◆ Exercise requirements ◆
The lines below must be transcribed exactly as given, with the images removed.
[[ Given information, beginning ]]
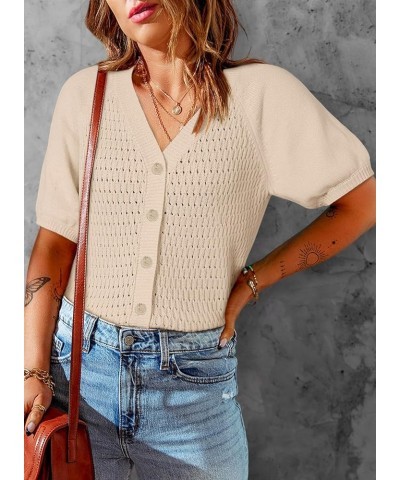 Womens Summer Tops 2024 Trendy V Neck Hollow Out Cropped Button Down Shirts Puff Sleeves Blouses Beige $15.59 Sweaters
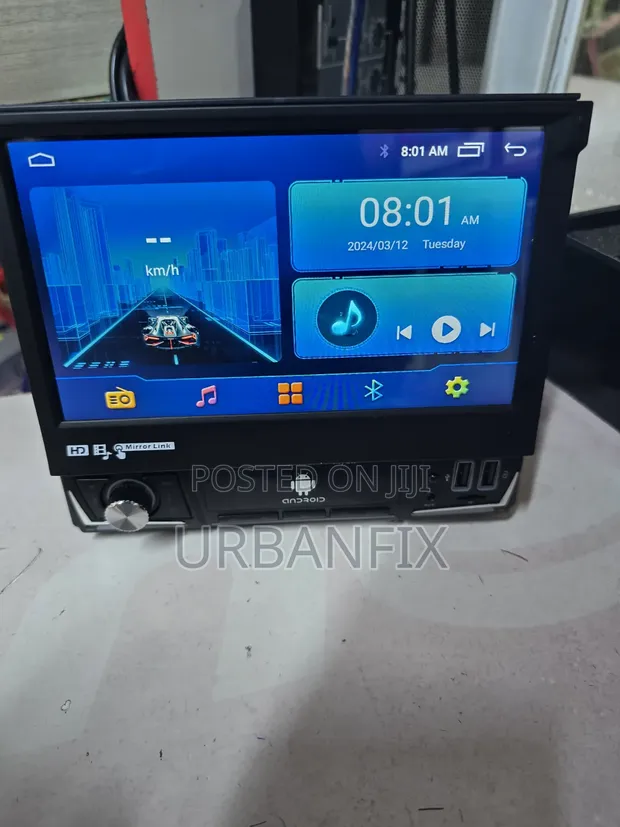 7 Inch Retractable Touch Screen Android Car Radio - 64GB - 1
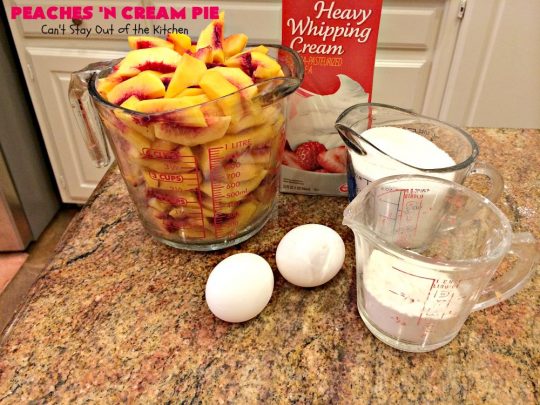 Peaches 'n Cream Pie | Can't Stay Out of the Kitchen | this amazing #peachpie has a yummy #custard filling. Wonderful for a #summer #dessert while fresh #peaches are in season.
[[ Given information, end ]]
◆ Solution ◆
 Womens Summer Tops 2024 Trendy V Neck Hollow Out Cropped Button Down Shirts Puff Sleeves Blouses Beige $15.59 Sweaters
 7 Inch Retractable Touch Screen Android Car Radio - 64GB - 1
 Peaches 'n Cream Pie | Can't Stay Out of the Kitchen | this amazing #peachpie has a yummy #custard filling. Wonderful for a #summer #dessert while fresh #peaches are in season.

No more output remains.